Never before have I shed tears for complete strangers. I didn’t even know these people; all I knew was that one of the two was young, still in his teenage years, and had just passed from cancer. His older sister, an emotionally resilient young lady, had described his passing with elegance, love, and affection in a public blog posting.
I never cared about cancer before my diagnosis. I never cared about the millions affected and killed. I never paid much thought. But when I was diagnosed, I wanted, perhaps needed, to know that I was not alone. I searched online for cancer stories, shared my own thoughts and emotions publicly, and connected with oncology patients via public exchanges and private emails. These connections helped me maintain a positive spirit; I learned to deal with my pain, cope with my symptoms, and reinvent my perceptions of life. Cancer challenged me, but its patients challenged me more.

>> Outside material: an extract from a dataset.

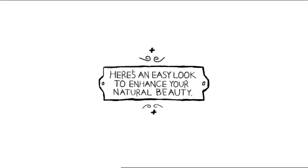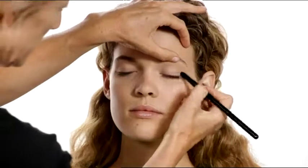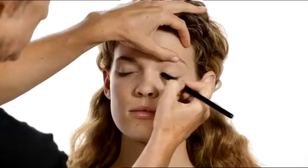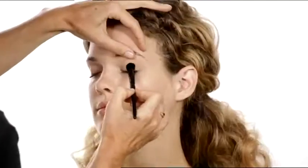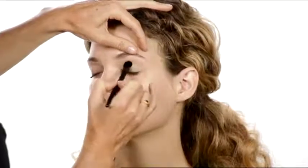Beautiful skin craves gorgeous color. After applying an overall neutral base with Sweet Cream Mineral Eye Color, blend Emerald from lash line to just above the crease, blending toward the outer edge of your eye. Also, apply Emerald along the lower lashes.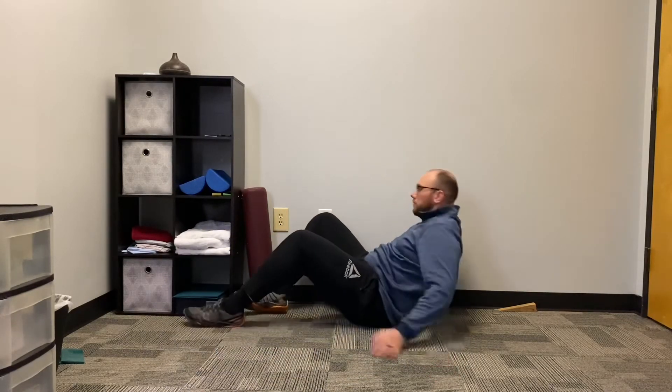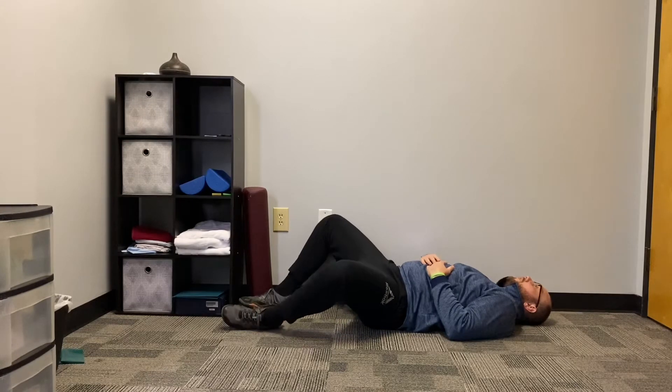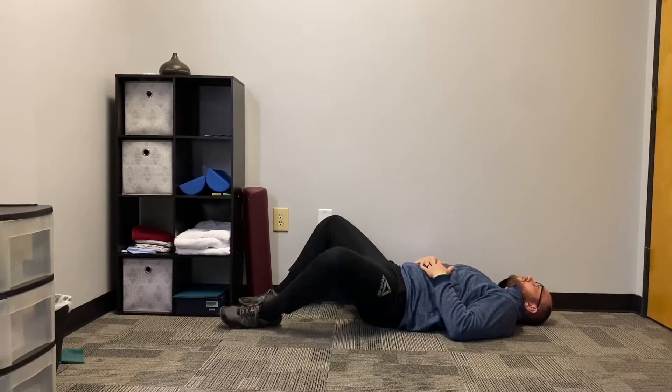I'm up against the wall here with my knees bent up, and I'm going to push my side against the wall into the wall. That's going to provide me stability to let my left side — my opposite side from the wall — drop out.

Never before have I shed tears for complete strangers. But this young man deserved my tears in celebration of his life. I could have been him, my sibling and fate his, all so easily and by nothing but chance.
My cancer is in remission but I cannot move on. I cannot compartmentalize my experiences as an occurrence of the past. And I am continuously reminded. Like a pregnant woman who markedly notices other pregnant women, I cannot seem to step away from cancer.
A childhood friend’s mom was diagnosed days ago. Her husband fought personally many years back. A stranger just passed.
Today at the store a woman about my age asked if I was an oncology patient and explained that her son was too. Despite thinking that it was somewhat inappropriate, I asked his age. He’s three. Three years old, and he’s beaten cancer into remission. His mom was smiling and kind. She showed me the fresh tattoo on her inner forearm in dedication to her son and cancer, to which I responded “cool” as I paid for my pistachios.
Before my diagnosis, I wouldn’t have cared about her and her son, his age, or her tattoo. I wouldn’t have cared about any of it; the stranger would have been simply a stranger. But not anymore.